» **Exercise prompt**: An unchanged copy of every record below, without pictures, is the goal.

» **Information**:
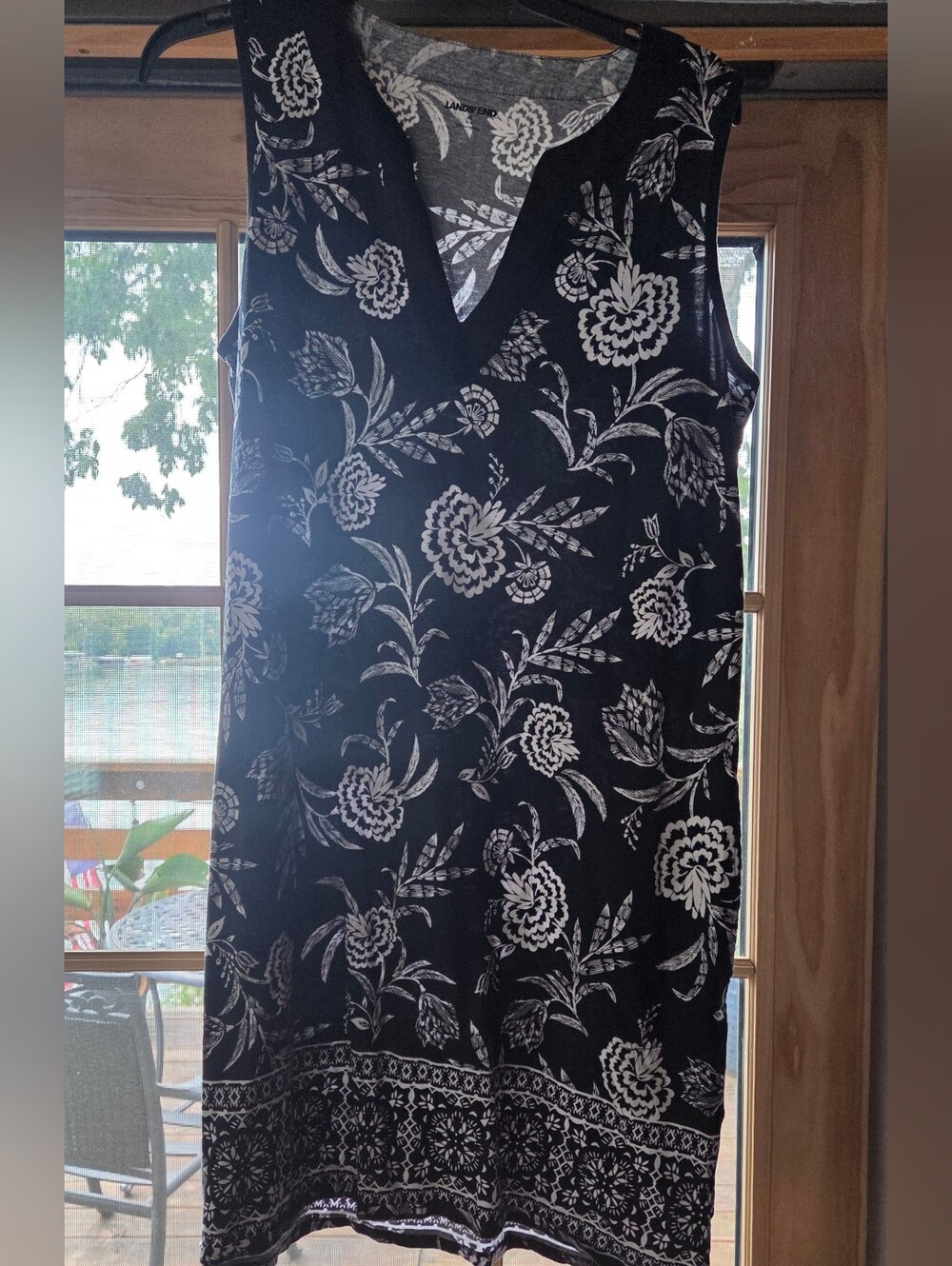 The Lands’ End Women’s M Medium Black & White Floral Sleeveless Shift Dress M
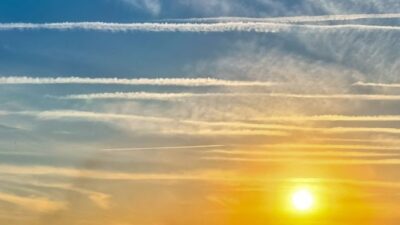 Bizi Kesinlikle Zehirliyorlar Galiba Gökyüzüne Çizilen Çizgilere Bilimsel Gözle Bakalım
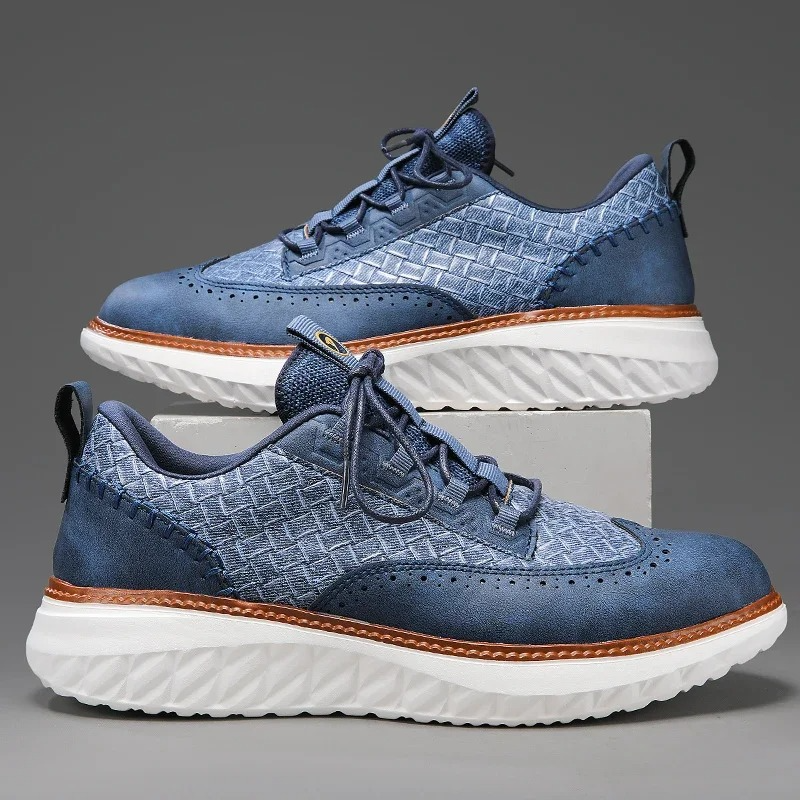 Nova Sneakers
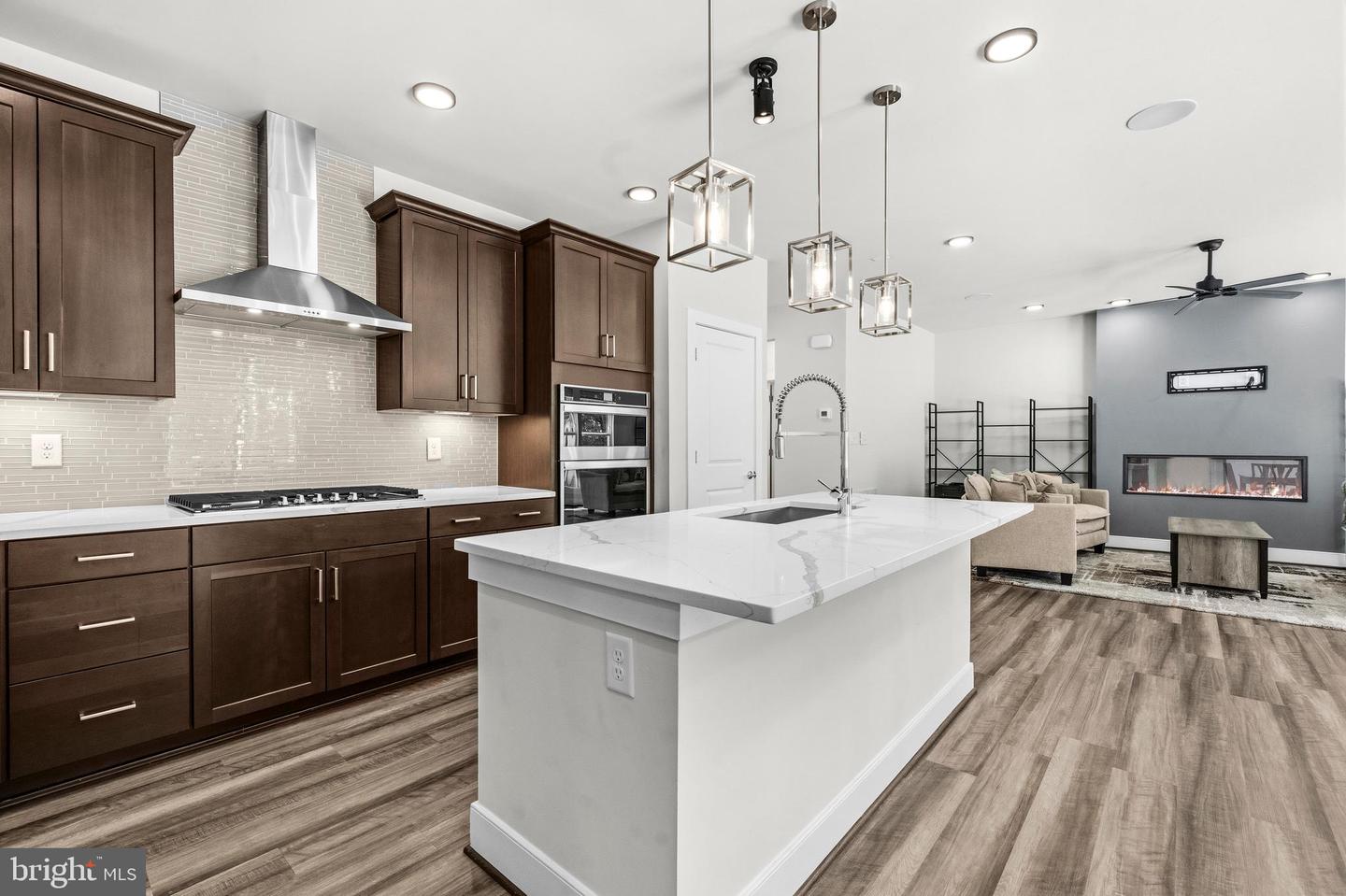 2020 Silver Sycamore Ln Property Photo 2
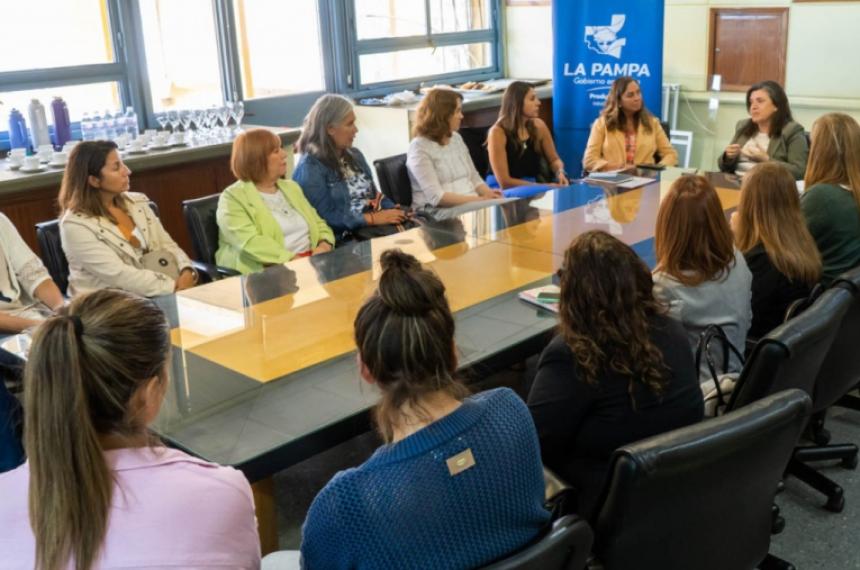 Presentaron programa para el desarrollo productivo y financiero de mujeres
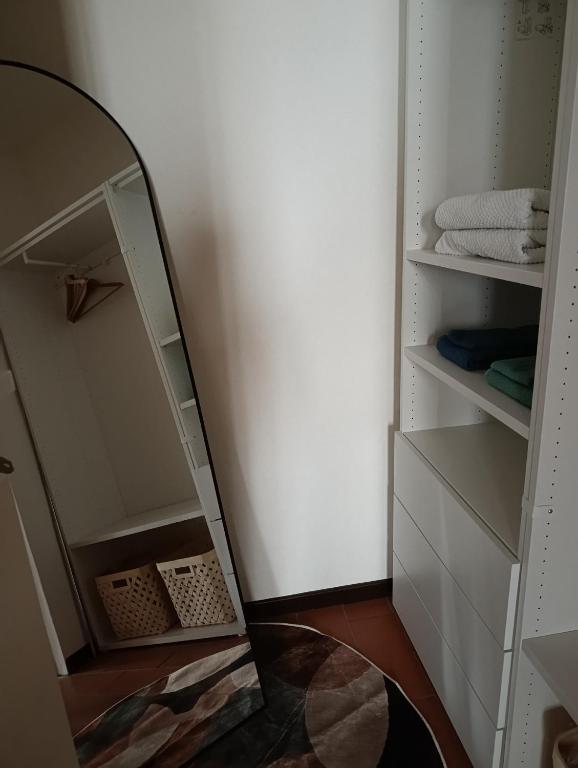 Lo studio nel borgo - 2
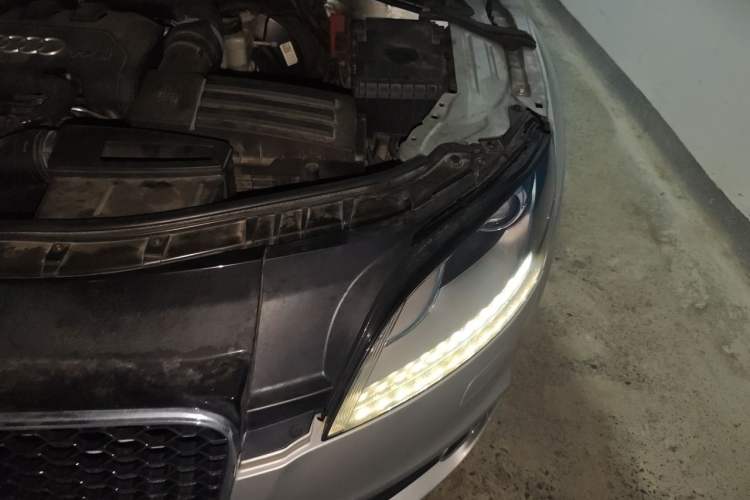 Used Audi TT 2011 TT Coupe 2.0 TFSI Engine Bay Left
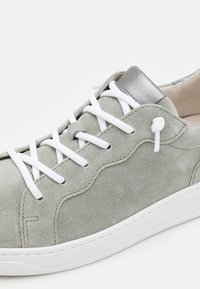 Gabor Trainers - pino/stone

» **Result of this exercise**:
 The Lands’ End Women’s M Medium Black & White Floral Sleeveless Shift Dress M
 Bizi Kesinlikle Zehirliyorlar Galiba Gökyüzüne Çizilen Çizgilere Bilimsel Gözle Bakalım
 Nova Sneakers
 2020 Silver Sycamore Ln Property Photo 2
 Presentaron programa para el desarrollo productivo y financiero de mujeres
 Lo studio nel borgo - 2
 Used Audi TT 2011 TT Coupe 2.0 TFSI Engine Bay Left
 Gabor Trainers - pino/stone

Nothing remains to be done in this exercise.